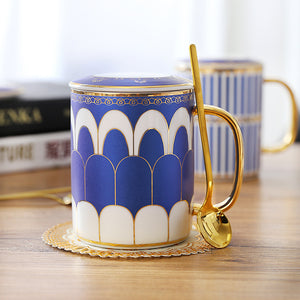 Gatsby Elegant Modern Coffee Mugs - With Gold Spoon - Staunton and Henry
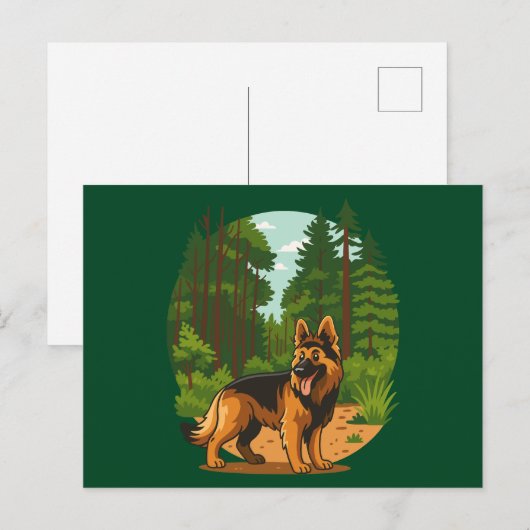 German Shepherd Forest Adventure Dog  Briefkaart (Voorkant / Achterkant)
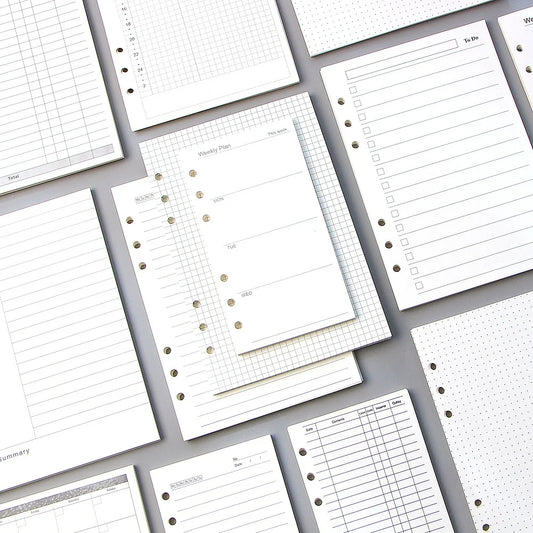 A5 A6 Loose Leaf Notebook Refill Spiral Binder Inner Page Diary Weekly Monthly Planner To Do List Line Dot Grid Inside Paper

→ About this exercise: The answer is the full listing above, reproduced character for character, minus its images.

→ Task response:
 Gatsby Elegant Modern Coffee Mugs - With Gold Spoon - Staunton and Henry
 German Shepherd Forest Adventure Dog  Briefkaart (Voorkant / Achterkant)
 A5 A6 Loose Leaf Notebook Refill Spiral Binder Inner Page Diary Weekly Monthly Planner To Do List Line Dot Grid Inside Paper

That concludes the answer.